My comments are made on scientific data you can confirm by looking up the effects of ZPG on population growth on line.
5-19-2010 @ 10:42PM
mandie said...I really disagree with you people I came from a large family 6 sisters 2 brothers plus 2 more sisters who were adopted as teenagers never once was my mother on welfare or this and that there were times that she and my father overworked themselves just so they wouldnt draw money you idiots had to pay and as for people from big families having big families. Wrong again dip shzt I have one child who is my only and will be me and my husbands only and he is the most precious thing in the world. So before you go and condone someone for something they did look at your self because obviously these people are growing up fine and what about the other people on welfare? You wanna talk crap about these people I know of black, white, asian all kinds of people who have only one CHILD and they are sitting on their worthless butts drawing more money than imaginable from the state. GET OVER YOUR SELF AND GET A LIFE.
5-19-2010 @ 11:58PM
Theresa Hartman said...Overpopulated by whose standards? I'm assuming you've never driven through West Texas, where there's miles and miles of. . . miles and miles! And there are tons of places on this Earth that are completely uninhabited. You've bought into a lie that says we have to take over God's job of deciding how many people to send to Earth because, after all, we know so much better than He does. He's the only one who knows, folks, and if He chooses to send kids, we (having had the fun of doing what it takes to make them) should be happy with His choice. The only people who should limit the number of children they have are those that believe that, being so inferior to the rest of us, they don't deserve to pass on their DNA. Personally, I have 5 kids by choice (actually I would've loved to have more, but God saw fit to give me these and so I'm happy). I am also the third of 20 kids -- 6 biological, 14 adopted. God sent all of them, too.

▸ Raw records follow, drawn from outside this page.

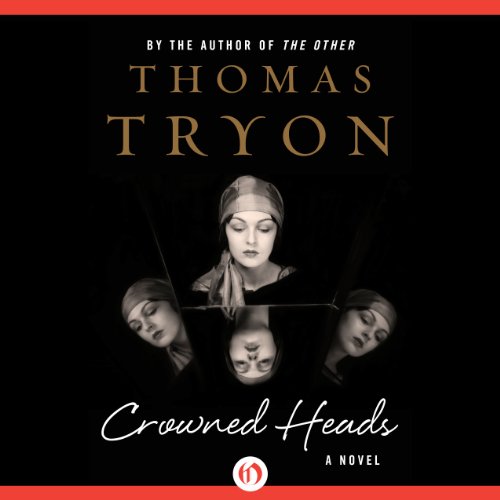 Cover of Crowned Heads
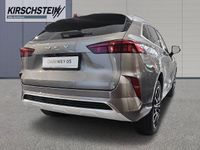 Gebraucht Wey 05 Premium 476 PS (350 kW) 2024 Grau SUV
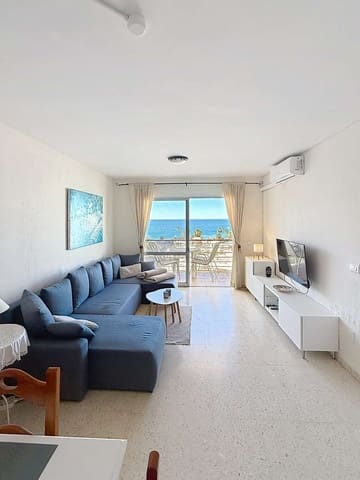 3 sovrum Lägenhet till salu i Chaparil - Torrecilla - Punta Lara, Nerja - 389 000 € (Ref: 9790217)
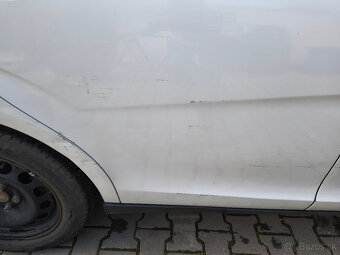 Seat Altea 1,6 TDI - 6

I say, vote on the issue of how many kids to have by limiting yourself to what you believe your DNA is worth to the world. Then, in a very few years, there will be many more of us, and many fewer of you. Thank God.
5-20-2010 @ 2:10AM
Joe said...The United States and Europe do not have "overpopulation issues". Why is it that we are expected to bend over backwards so that the third world can breed as much as they want to?
5-21-2010 @ 3:56PM
Caroline said...I hope you don't have any children!